Medical Genomics Unit, National Human Genome Research Institute, National Institutes of Health, 10 Center Dr, Bethesda, MD 20892, USA.
Medical Genomics Unit, National Human Genome Research Institute, National Institutes of Health, 10 Center Dr, Bethesda, MD 20892, USA.
Am J Hum Genet. 2024 Sep 5;111(9):1819-1833. doi: 10.1016/j.ajhg.2024.07.011. Epub 2024 Aug 14.
Large language models (LLMs) are generating interest in medical settings. For example, LLMs can respond coherently to medical queries by providing plausible differential diagnoses based on clinical notes. However, there are many questions to explore, such as evaluating differences between open- and closed-source LLMs as well as LLM performance on queries from both medical and non-medical users. In this study, we assessed multiple LLMs, including Llama-2-chat, Vicuna, Medllama2, Bard/Gemini, Claude, ChatGPT3.5, and ChatGPT-4, as well as non-LLM approaches (Google search and Phenomizer) regarding their ability to identify genetic conditions from textbook-like clinician questions and their corresponding layperson translations related to 63 genetic conditions. For open-source LLMs, larger models were more accurate than smaller LLMs: 7b, 13b, and larger than 33b parameter models obtained accuracy ranges from 21%-49%, 41%-51%, and 54%-68%, respectively. Closed-source LLMs outperformed open-source LLMs, with ChatGPT-4 performing best (89%-90%). Three of 11 LLMs and Google search had significant performance gaps between clinician and layperson prompts. We also evaluated how in-context prompting and keyword removal affected open-source LLM performance. Models were provided with 2 types of in-context prompts: list-type prompts, which improved LLM performance, and definition-type prompts, which did not. We further analyzed removal of rare terms from descriptions, which decreased accuracy for 5 of 7 evaluated LLMs. Finally, we observed much lower performance with real individuals' descriptions; LLMs answered these questions with a maximum 21% accuracy.

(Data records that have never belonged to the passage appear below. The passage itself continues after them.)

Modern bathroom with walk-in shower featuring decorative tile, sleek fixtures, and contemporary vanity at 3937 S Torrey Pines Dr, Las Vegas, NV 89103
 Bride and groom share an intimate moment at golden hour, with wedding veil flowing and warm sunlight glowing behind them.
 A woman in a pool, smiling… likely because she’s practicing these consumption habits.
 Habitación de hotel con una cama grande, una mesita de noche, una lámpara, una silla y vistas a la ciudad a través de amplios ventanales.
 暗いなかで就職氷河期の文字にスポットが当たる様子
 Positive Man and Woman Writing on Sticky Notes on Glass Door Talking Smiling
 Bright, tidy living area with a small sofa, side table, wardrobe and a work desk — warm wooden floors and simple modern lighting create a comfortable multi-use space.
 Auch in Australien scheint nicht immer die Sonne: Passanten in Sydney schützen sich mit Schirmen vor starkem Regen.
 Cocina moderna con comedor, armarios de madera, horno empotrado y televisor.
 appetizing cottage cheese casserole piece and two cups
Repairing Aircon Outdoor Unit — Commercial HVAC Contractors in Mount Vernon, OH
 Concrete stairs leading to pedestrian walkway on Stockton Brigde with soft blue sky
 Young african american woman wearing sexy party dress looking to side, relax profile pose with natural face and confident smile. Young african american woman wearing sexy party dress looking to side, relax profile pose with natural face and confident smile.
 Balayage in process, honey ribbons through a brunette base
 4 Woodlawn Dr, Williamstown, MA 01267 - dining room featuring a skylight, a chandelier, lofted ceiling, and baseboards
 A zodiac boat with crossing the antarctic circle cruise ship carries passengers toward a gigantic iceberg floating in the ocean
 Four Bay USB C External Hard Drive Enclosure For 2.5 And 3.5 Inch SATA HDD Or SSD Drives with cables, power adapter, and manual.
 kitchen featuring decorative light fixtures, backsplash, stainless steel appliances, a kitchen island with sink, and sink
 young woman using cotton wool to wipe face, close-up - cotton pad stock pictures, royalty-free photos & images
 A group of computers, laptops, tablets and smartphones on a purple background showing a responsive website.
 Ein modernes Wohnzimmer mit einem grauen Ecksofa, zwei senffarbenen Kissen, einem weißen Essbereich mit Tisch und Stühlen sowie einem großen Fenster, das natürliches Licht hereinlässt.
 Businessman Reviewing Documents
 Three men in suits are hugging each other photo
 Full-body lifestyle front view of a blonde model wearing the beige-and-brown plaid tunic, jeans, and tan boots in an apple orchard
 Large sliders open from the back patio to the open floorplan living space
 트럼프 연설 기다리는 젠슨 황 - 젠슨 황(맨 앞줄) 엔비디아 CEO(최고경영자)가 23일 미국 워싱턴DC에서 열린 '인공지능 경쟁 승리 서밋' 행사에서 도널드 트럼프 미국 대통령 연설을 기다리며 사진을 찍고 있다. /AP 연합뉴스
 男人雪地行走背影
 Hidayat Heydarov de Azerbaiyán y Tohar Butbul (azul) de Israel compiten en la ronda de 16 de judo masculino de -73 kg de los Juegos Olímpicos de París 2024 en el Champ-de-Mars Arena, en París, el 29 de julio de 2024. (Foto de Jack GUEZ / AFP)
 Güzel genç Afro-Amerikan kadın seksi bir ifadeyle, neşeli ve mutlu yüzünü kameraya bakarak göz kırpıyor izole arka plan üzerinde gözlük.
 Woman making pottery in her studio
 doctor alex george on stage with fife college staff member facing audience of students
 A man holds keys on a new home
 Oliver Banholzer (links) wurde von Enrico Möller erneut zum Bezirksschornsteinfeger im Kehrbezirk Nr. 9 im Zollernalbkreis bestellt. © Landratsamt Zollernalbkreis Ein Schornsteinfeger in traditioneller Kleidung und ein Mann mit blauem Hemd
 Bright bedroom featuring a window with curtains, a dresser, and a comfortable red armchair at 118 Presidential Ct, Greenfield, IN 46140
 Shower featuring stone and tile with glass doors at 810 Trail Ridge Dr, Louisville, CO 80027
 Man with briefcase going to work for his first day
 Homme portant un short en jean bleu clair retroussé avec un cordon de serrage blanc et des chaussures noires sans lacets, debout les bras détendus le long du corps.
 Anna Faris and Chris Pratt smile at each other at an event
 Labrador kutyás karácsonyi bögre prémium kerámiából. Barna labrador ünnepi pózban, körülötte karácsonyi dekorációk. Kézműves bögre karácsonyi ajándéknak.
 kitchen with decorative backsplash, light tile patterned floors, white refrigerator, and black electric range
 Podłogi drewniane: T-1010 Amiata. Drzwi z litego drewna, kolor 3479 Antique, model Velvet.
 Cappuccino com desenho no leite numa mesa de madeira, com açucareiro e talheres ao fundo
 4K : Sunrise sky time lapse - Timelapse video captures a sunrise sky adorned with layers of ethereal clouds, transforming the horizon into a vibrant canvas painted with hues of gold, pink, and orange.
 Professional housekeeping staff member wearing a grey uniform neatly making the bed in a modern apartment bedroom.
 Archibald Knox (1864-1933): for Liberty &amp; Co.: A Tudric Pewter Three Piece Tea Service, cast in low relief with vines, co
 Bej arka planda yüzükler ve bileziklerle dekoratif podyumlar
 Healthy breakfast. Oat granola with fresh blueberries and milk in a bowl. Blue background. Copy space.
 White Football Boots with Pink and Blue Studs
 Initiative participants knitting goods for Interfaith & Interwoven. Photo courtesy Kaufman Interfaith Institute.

大型语言模型(LLM)在医学领域引起了关注。例如,LLM 可以根据临床记录提供合理的鉴别诊断,从而对医疗查询做出连贯的回应。然而,仍有许多问题需要探索,例如评估开源和闭源 LLM 之间的差异,以及 LLM 对来自医疗和非医疗用户的查询的性能。在这项研究中,我们评估了多种 LLM,包括 Llama-2-chat、Vicuna、Medllama2、Bard/Gemini、Claude、ChatGPT3.5 和 ChatGPT-4,以及非 LLM 方法(Google 搜索和 Phenomizer),以了解它们从教科书式的临床医生问题中识别遗传疾病的能力,以及与 63 种遗传疾病相关的相应外行翻译。对于开源 LLM,较大的模型比较小的模型更准确:7b、13b 和 33b 以上参数的模型的准确率范围分别为 21%-49%、41%-51%和 54%-68%。闭源 LLM 的表现优于开源 LLM,其中 ChatGPT-4 的表现最佳(89%-90%)。在 11 个 LLM 和 Google 搜索中有 3 个存在临床医生和外行提示之间的显著性能差距。我们还评估了上下文提示和关键字删除如何影响开源 LLM 的性能。模型提供了 2 种类型的上下文提示:列表类型提示,提高了 LLM 的性能,和定义类型提示,没有提高性能。我们进一步分析了从描述中删除罕见术语对 7 个评估的 LLM 中的 5 个的影响,发现准确性降低。最后,我们观察到真实个人描述的性能要低得多;LLM 对这些问题的回答准确率最高为 21%。